Even though Coca-Cola is battling limited growth and external pressures, internal adjustments made by management regarding productivity improvements including higher bottling cost savings are creating a significant surge in free cash. Over the past three and a half years Coca-Cola's free cash has increased from $6.554 billion to $8.629 billion. This is of utmost importance to the investor, as free cash is vital in maintaining Coca-Cola's history of dividend increases. As the company's free cash is in the range of $8.629 billion, this indicates that Coca-Cola has significant cash to pay and support dividend increases.

Earnings and Dividend

With CEO Muhtar Kent's efforts to manage costs and buy back shares, the stock does look attractive from the dividend investor point of view.

With excess of $8 billion in free cash, this gives management the ability to continue to grow the dividend, buy back shares, make strategic acquisitions and focus on their marketing campaigns.

As a company like Coca-Cola rarely goes "on sale," estimating an entry point can be a challenge. In the section below, I will use the DCF valuation to estimate what fair value is.


In the section below, I will use a couple of different methods to find a valuation of the stock price. In this section, I will use the Discounted Cash Flow valuation model to estimate the current value and target price for each share.

I believe using the Discounted Cash Flow valuation model for Coca-Cola to be fair, because DCF analysis can help one see where the company's value is coming from and can generate an opinion based on that.

Even though there are variations in calculating this formula, this model is based off of a terminal value of $169.813 billion and a WACC of 4.00%. The terminal value of $169.813 billion is based off of the company trading at an industry average of 13.95x EBITDA. Using this valuation, I have concluded Coca-Cola's value to be ~$36.03 per share.

Market outlook

As the chart below indicates, over the long-term there is a strong correlation between Coca-Cola's free cash, Coca-Cola's stock price and the S&P 500.

KO Chart

KO data by YCharts

As I believe valuations are getting high, I would not be surprised if there was a 5%-10% correction over the next few months. If such a correction were to occur, this could present an excellent opportunity to add positions in Coca-Cola. As the chart above indicates, when there has been a correction, Coca-Cola's stock price gravitates back to where Coca-Cola's free cash flow numbers are. As the free cash currently looks strong, I believe adding Coca-Cola's shares on a correction would offer an excellent opportunity.

Currently, I believe there is further upside to equity markets as major world economies are either recovering or on the verge of recovering. As interest rates continue to remain near zero, this should favor equities.


Based on the analysis above, Coca-Cola's fundamentals are displaying a "mixed bag" of results.
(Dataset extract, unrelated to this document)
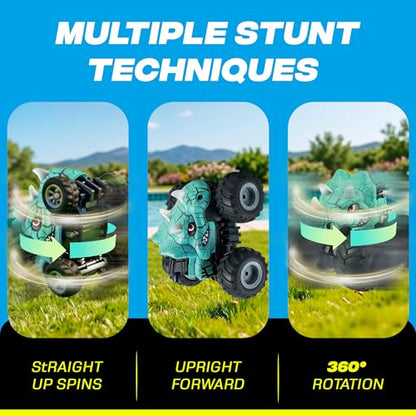 BEZGAR Monster Truck Toys, RC Cars with Mist Spray & Light, Two Batteries | Cyan Dinosaur Toys, 360° Stunt Spins RC Truck with Music, 4WD Remote Control Car for Boys 4-7, 40+ Mins Battery Life - color: Cyan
Having stated that one aspect of the company that is significantly increasing over the past six years is the company's free cash.

Over the past six years since Muhtar Kent became CEO, Coca-Cola's free cash has increased from ~$5.5 billion to ~$8.6 billion. So even though the company is facing external pressures especially in North America, Muhtar Kent's ability to increase the free cash gives the investor confidence that Coca-Cola has the ability to grow its dividend, buy back shares and ultimately increase shareholder value.

Long term, if you bought the stock at this price, I believe you would be handsomely rewarded. Having stated that, at current levels, I believe that Coca-Cola is slightly overvalued. In my opinion, if you can buy the stock closer to the $36.00 range, this would represent an excellent buying opportunity.

Disclosure: I have no positions in any stocks mentioned, and no plans to initiate any positions within the next 72 hours. I wrote this article myself, and it expresses my own opinions. I am not receiving compensation for it (other than from Seeking Alpha). I have no business relationship with any company whose stock is mentioned in this article.